Especially in newer relationships, “pulling away” can be a sign that something has changed. It could be that the person you’re seeing is feeling some doubts. It may be they’re not quite as emotionally available as you thought, and they’re seeking space to keep the intimacy in your relationship from growing beyond the point that feels comfortable for them. And, particularly if you’re someone with an anxious attachment style, it’s also entirely possible that they’re not really pulling away at all, you’re just experiencing the normal anxiety that you would feel in any new relationship that’s not totally committed yet. 

(Unsure of your attachment style? Take my attachment style quiz.)

But in a more committed, established relationship, distance in the relationship can mean something different. It’s actually totally normal for long-term relationships to be more spacious than newer relationships. All long-term couples go through periods of greater closeness, as well as times when they’re a little further apart. What feels like your partner pulling away may even be a reflection of the confidence they have in your bond. They’re able to focus on other areas of life without worrying that your relationship will go anywhere —to them, it’s just that rock solid. 

But, that does mean you should ignore your gut when you feel your partner pulling away. Trust your instincts — if something feels new and different, it probably is. And even if everything is fine on your partner’s end, you deserve to be in a relationship that feels satisfyingly connected for you, rather than a relationship that leaves you feeling lonely.

Here are a few of the most common reasons that people pull away in a long-term relationship, aside from the normal ebbs and flows of connection that all couples experience. 

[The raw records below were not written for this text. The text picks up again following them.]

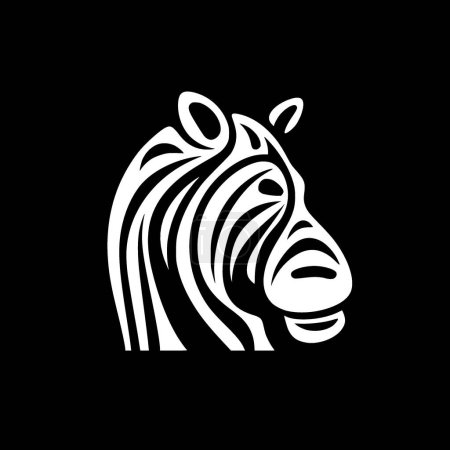 Hippopotamus - black and white isolated icon - vector illustration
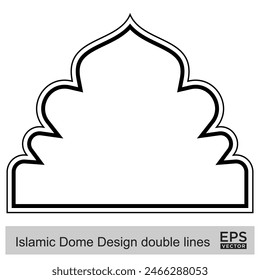 Islamic Dome Design double lines Outline Linear Black Stroke silhouettes Design pictogram symbol visual illustration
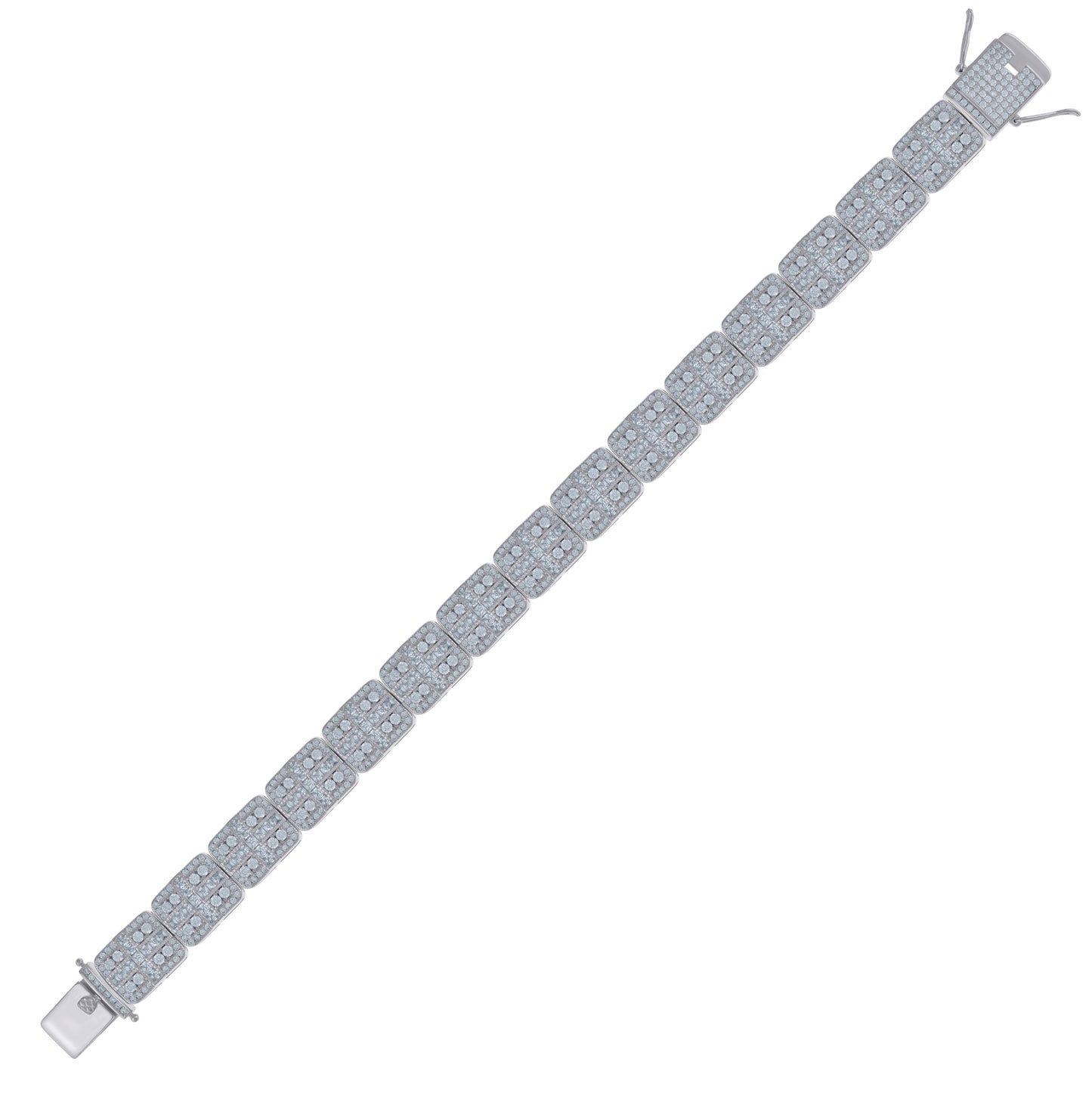 Sterling Silver Mens Baguette Cubic-Zirconia Fashion Link Bracelet Size 9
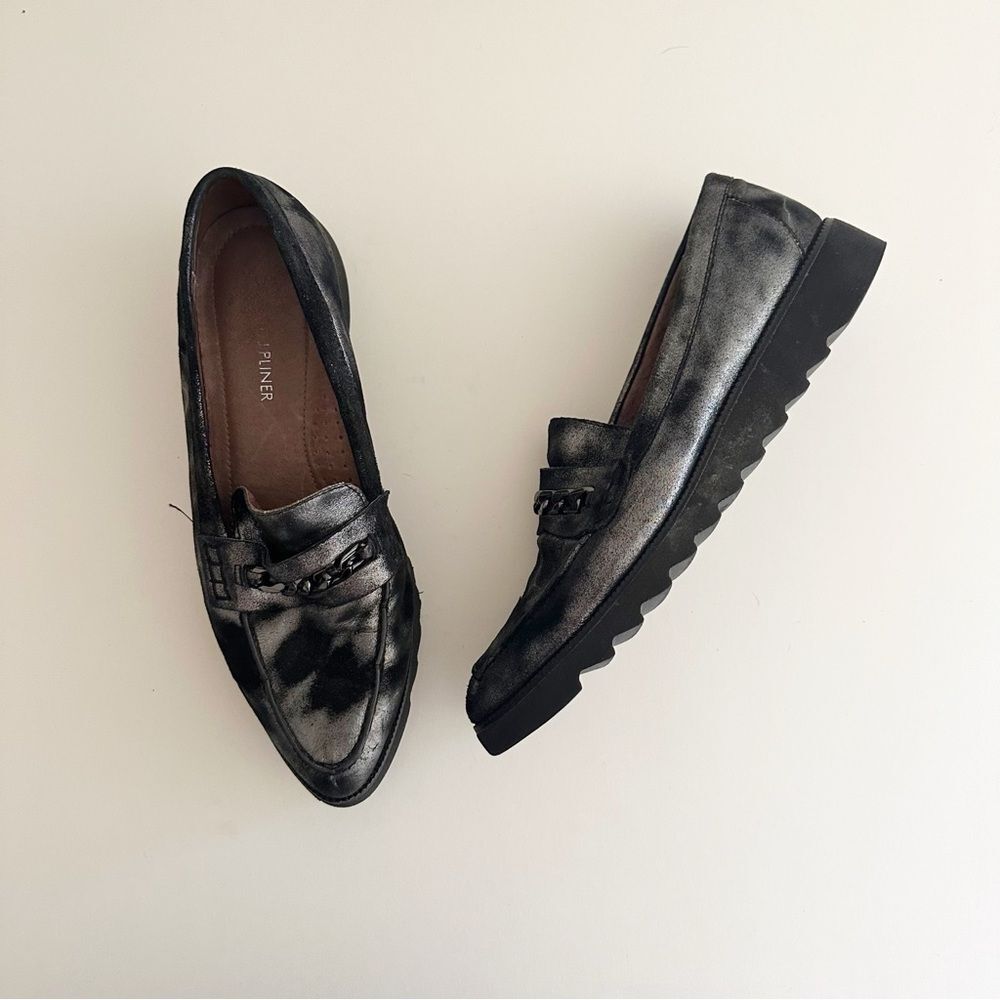 Donald J Pliner Black Metallic Platform Brecca loafers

Why He or She Is Pulling Away

  1. Competing Priorities: Modern life is a whirlwind! Between work, parenting, personal goals, and trying to get some exercise and sleep occasionally, it’s a wonder any of us find time to focus on our relationships. If your partner is pulling away, consider whether they’re overwhelmed with other areas of life at the moment. 
  1. Attachment Issues: Sometimes, emotional withdrawal can be a protective response, especially for people with an avoidant attachment style (learn more about how anxious-avoidant relationships work). Insecure attachment or fear of intimacy can lead your partner to fear being vulnerable, leading them to create distance.
  1. Unresolved Relational Wounds: When your partner pulls away, the culprit may be unresolved conflict or old relational wounds. If hurt feelings get bottled up rather than discussed and repaired, relationships will grow emotionally distant. It’s important to discover this sooner rather than later, before your partner goes too far down the off ramp of emotional disconnection. Old, unresolved wounds are one of the major things that can cause relationships to fail
  1. Disengagement and Planning: This is probably the scariest reason that your partner may be pulling away, but I want to be a good friend to you and tell you the truth. Before people make big life decisions — like whether to work on a relationship or call it quits — they often disengage for a period of time to create space for independent reflection. That is not necessarily what’s happening in your relationship, but it is one possibility. 
  1. Depression: Mental health challenges, such as depression and anxiety, can significantly impact your partner’s ability to connect emotionally. Emotional withdrawal may be a sign of inner struggles they’re facing. This is especially true if they’re dealing with grief, loss, or a major life setback. 
  1. Other attachments: I certainly hope that this is not the case for you, but it is an unfortunate reality that a sudden change in the emotional intimacy within a relationship can be a sign that one partner is getting their needs met elsewhere. If you suspect infidelity might be at the root of your partner pulling away, it’s important to seek out help from a really good couples counselor who will be able to help you uncover the truth and find the best path forward. 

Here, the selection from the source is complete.